> [INSTRUCTIONS FOR THE TASK]
Transcribe, exactly and without pictures, the lines below from the line with "IU花书签3期待这个韩永一震碎kpop 我们5.27见 ​​​" to the line with "NEW Komono Sunglasses", both ends included, and no others.
DATA START
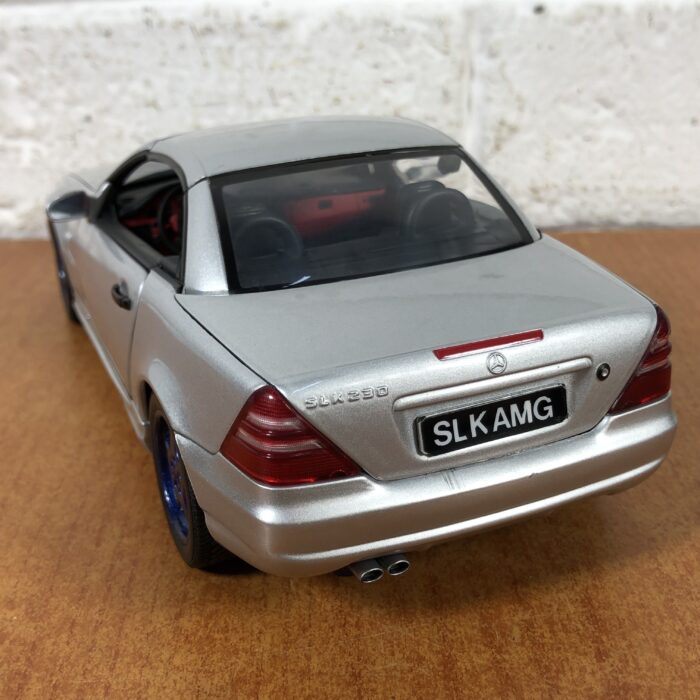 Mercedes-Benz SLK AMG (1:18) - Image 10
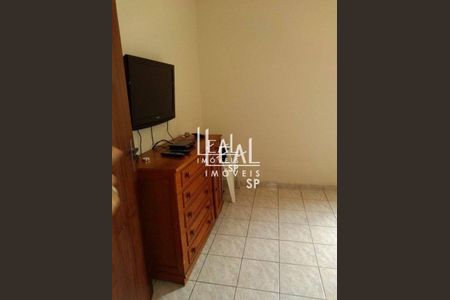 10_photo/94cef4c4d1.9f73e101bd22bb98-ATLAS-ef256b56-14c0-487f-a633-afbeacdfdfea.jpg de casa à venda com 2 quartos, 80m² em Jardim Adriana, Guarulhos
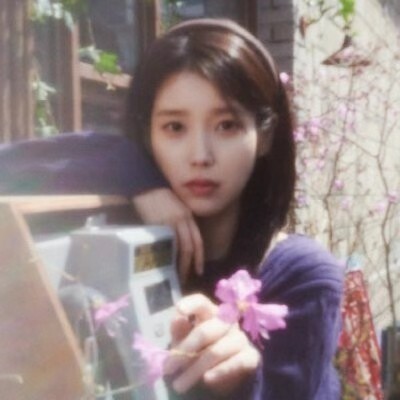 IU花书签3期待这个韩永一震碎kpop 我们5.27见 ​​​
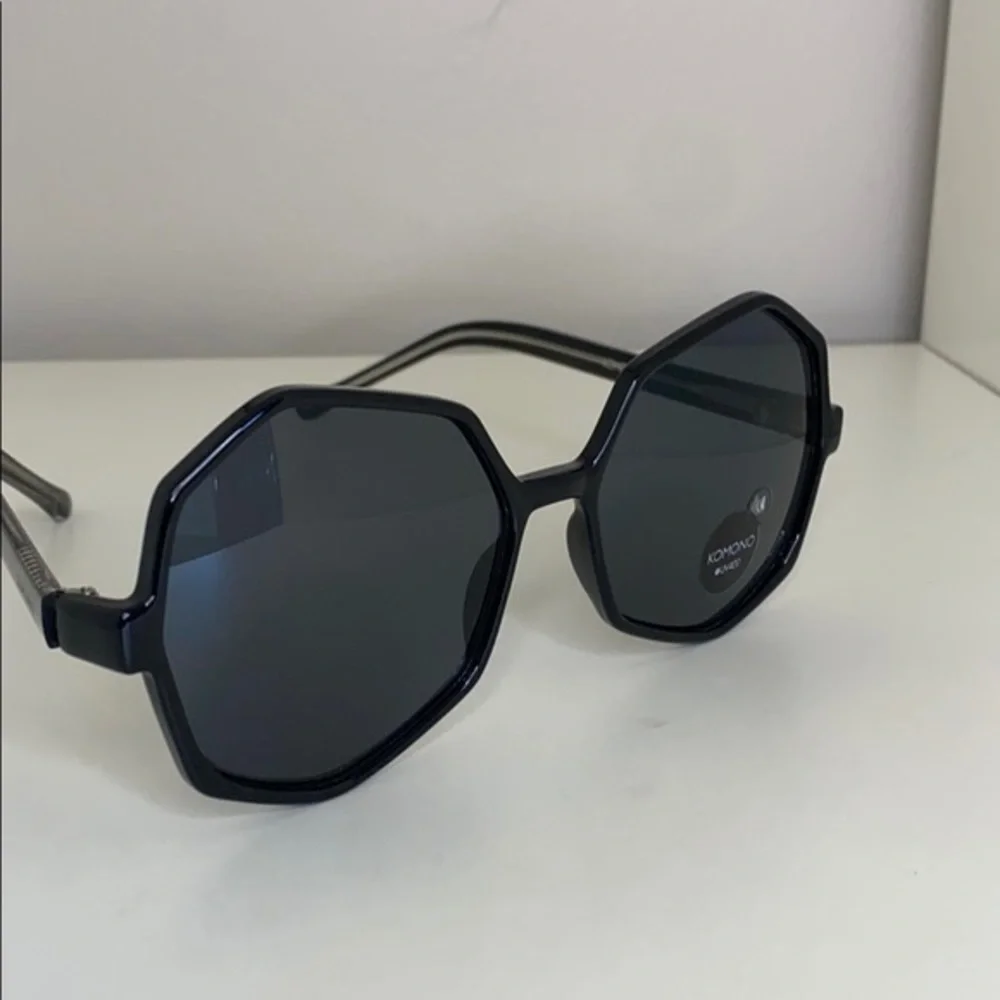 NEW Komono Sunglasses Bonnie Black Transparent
DATA END
DATA START
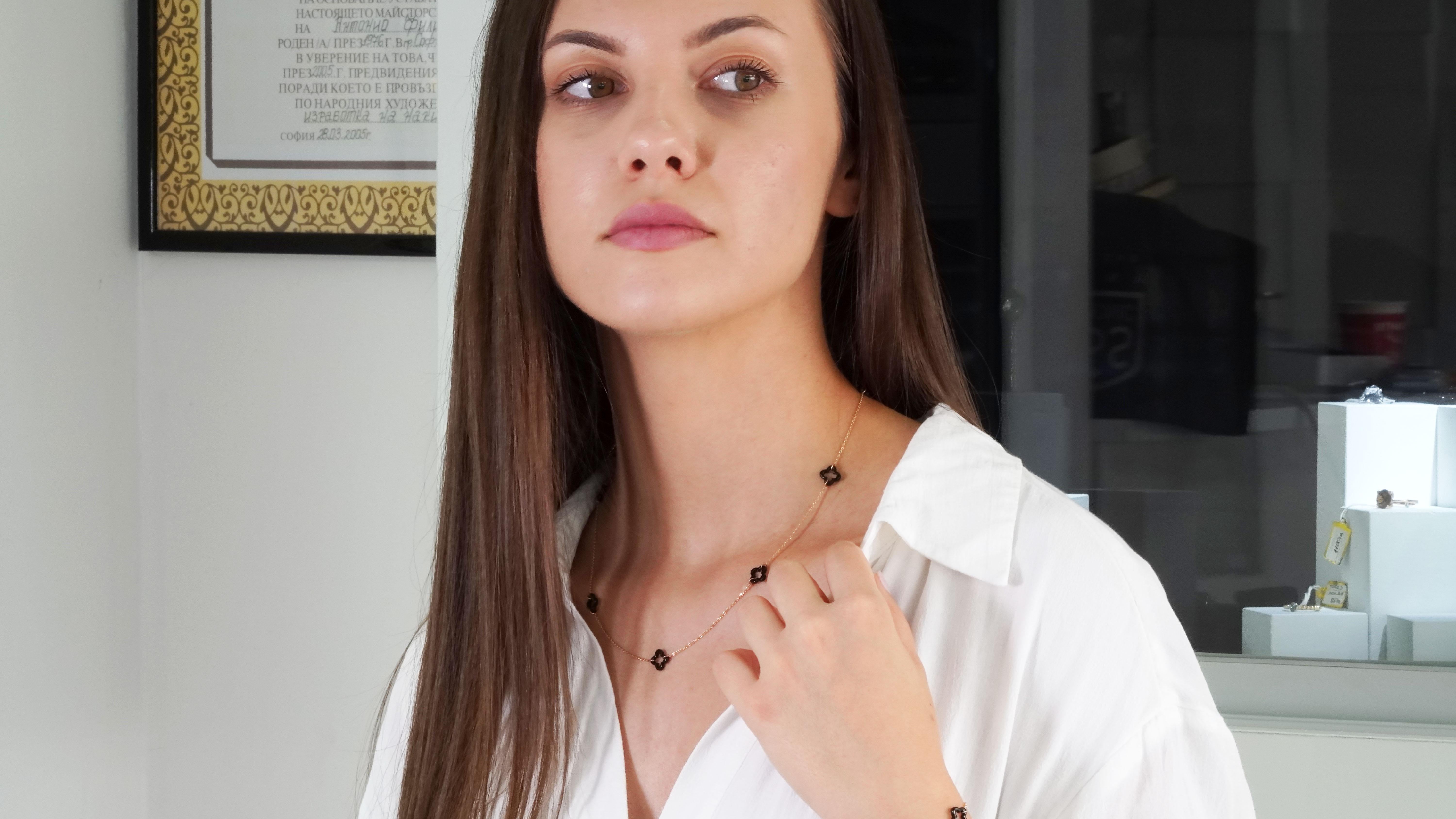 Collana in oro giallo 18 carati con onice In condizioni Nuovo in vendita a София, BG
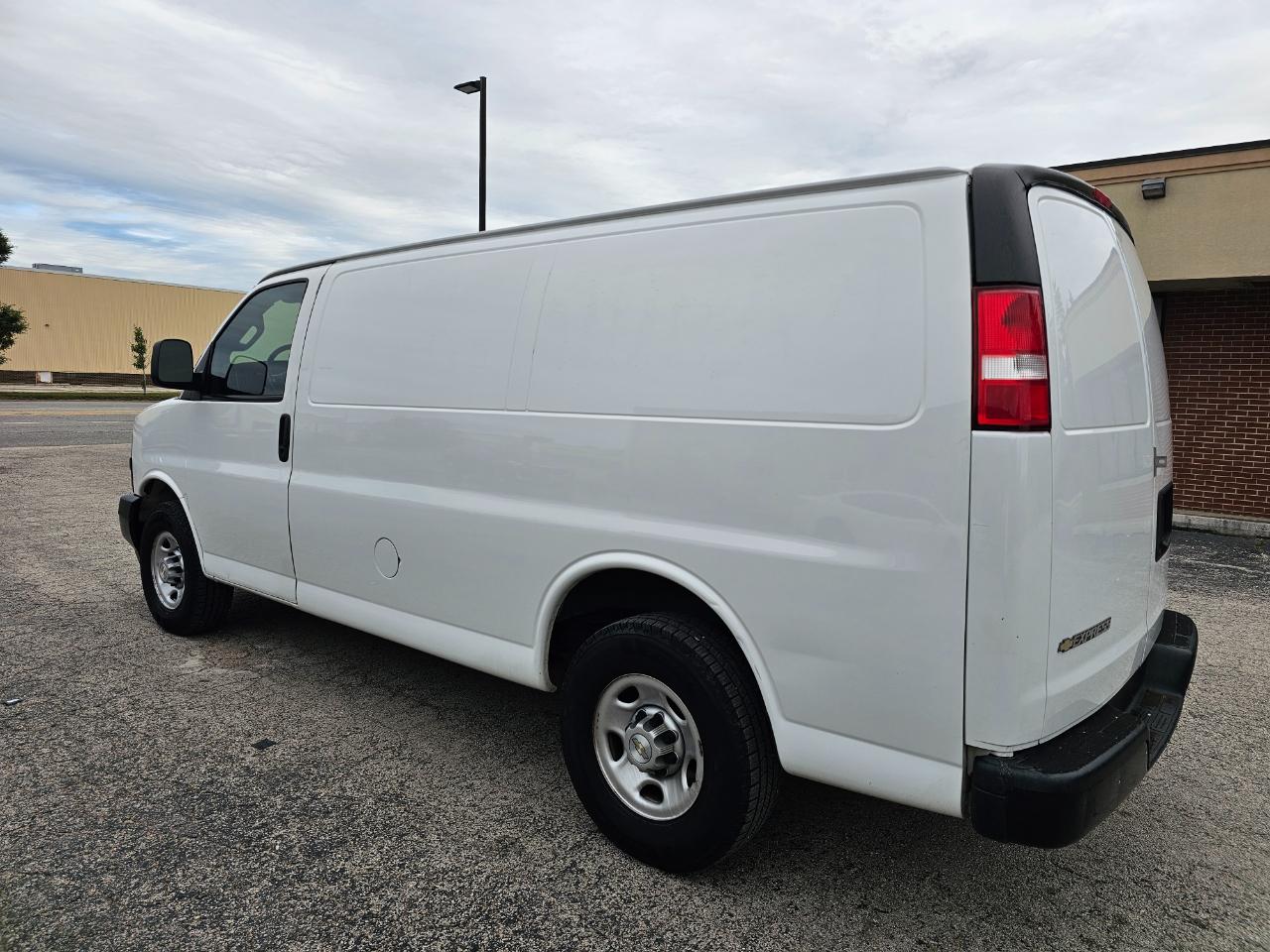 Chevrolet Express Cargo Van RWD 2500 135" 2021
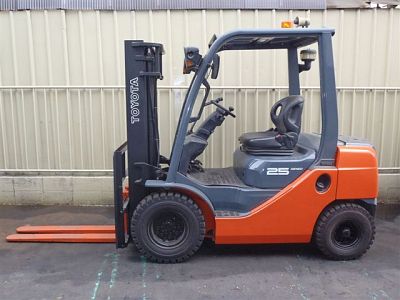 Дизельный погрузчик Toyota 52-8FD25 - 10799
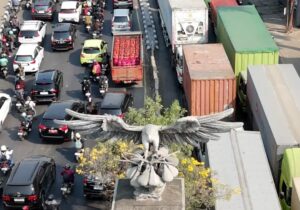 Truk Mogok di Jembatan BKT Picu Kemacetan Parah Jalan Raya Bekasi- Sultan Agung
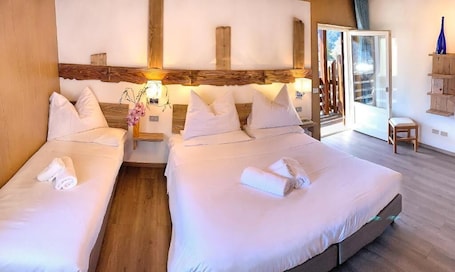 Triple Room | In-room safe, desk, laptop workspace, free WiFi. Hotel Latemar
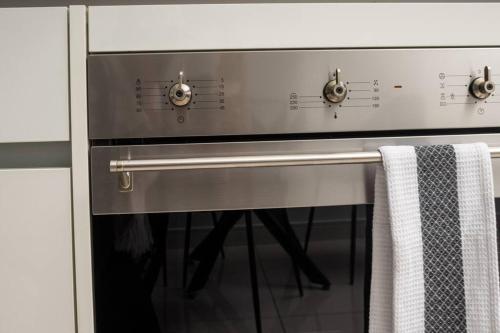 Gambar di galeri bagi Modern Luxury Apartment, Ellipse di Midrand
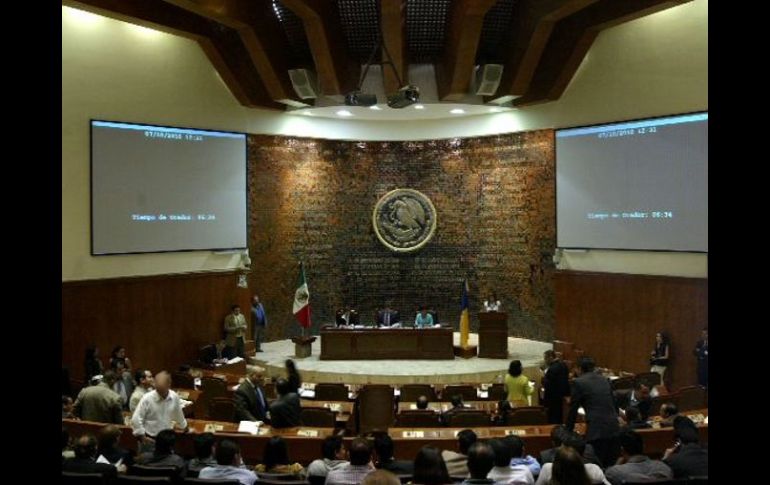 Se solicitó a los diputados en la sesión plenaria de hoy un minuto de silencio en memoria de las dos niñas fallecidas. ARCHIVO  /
DATA END
> [TASK OUTPUT]
 IU花书签3期待这个韩永一震碎kpop 我们5.27见 ​​​
 NEW Komono Sunglasses Bonnie Black Transparent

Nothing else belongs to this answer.